China’s two largest developers by sales, Shenzhen-listed China Vanke and Shanghai-listed Poly Real Estate each dived by the maximum 10 percent limit. The Shanghai property sub-index was down 9.1 percent, poised for its worst daily loss since June 2008.
In Hong Kong, China Resources Land slumped 8 percent, reversing losses on the year. It is now down 1.7 percent in 2013, compared with a 0.3 percent loss on the Hang Seng Index and 2.7 percent slide on the China Enterprises Index.
China State Construction Engineering, the country’s largest construction contractor, tumbled 9.1 percent in Shanghai. Anhui Conch Cement , China’s largest cement producer, slumped 9.5 percent in Shanghai and 5.3 percent in Hong Kong.
The move to tighten on Friday evening also involved an extension of home purchase restrictions to cover all districts and all product types and stricter enforcement of a 20 percent capital gains tax on property sales.
Lee Wee-Liat, BNP Paribas’ head of Asia property research, said in a note dated March 3 that he expects the announcement on the expansion of property taxes to more cities in April.
UBS downgraded their target prices by an average of 13 percent for 12 Hong Kong-listed Chinese developers they cover, expecting new measures to “freeze” the entire market and delay the originally planned sales schedules in the near term.
In the bond market, Chinese property bonds are down by 50 cents to a point lower in early deals with analyst watching if local governments will follow up with their own measures.
China’s property market has been rife with speculation about rising house prices and what the country’s new leadership may do to curb them in the lead up to this week’s annual parliamentary meetings.
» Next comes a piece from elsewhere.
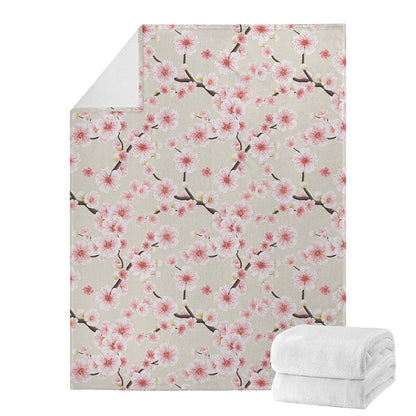 White Cherry Blossom Pattern Print Blanket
The annual Chinese People’s Political Consultative Conference began on Sunday and the National People’s Congress, where Xi Jinping is expected to be confirmed as president, starts in Beijing on Tuesday.
Chinese banks were also key sources of weakness after UBS lowered price targets for the sector’s Hong Kong listings by 3 to 16 percent and downgraded Agricultural Bank of China (AgBank) from “neutral” to “sell” and Bank of China (BoC) from “buy” to “neutral”.
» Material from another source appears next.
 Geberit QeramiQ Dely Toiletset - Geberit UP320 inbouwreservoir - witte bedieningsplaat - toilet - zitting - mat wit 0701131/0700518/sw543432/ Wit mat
“We believe record high credit expansion in January will trigger earlier-than-expected credit tightening in the second quarter of 2013,” UBS analysts said in a note dated March 1, which also flagged rising risks from shadow banking.
AgBank shares were down 1.8 percent in Hong Kong and 3.4 percent in Shanghai. BoC shares each sank 1.7 percent in Hong Kong and Shanghai.
HSBC Holdings slipped 0.8 percent ahead of its 2012 full-year corporate earnings due after market close on Monday. Up 4.1 percent on the year, it is currently trading at a 40 percent discount to its forward 12-month price-to-book multiple, according to Thomson Reuters StarMine.
In the last 30 days, 5 of 18 analysts downgraded their full-year 2012 earnings-per-share estimates for HSBC by an average of 4.4 percent.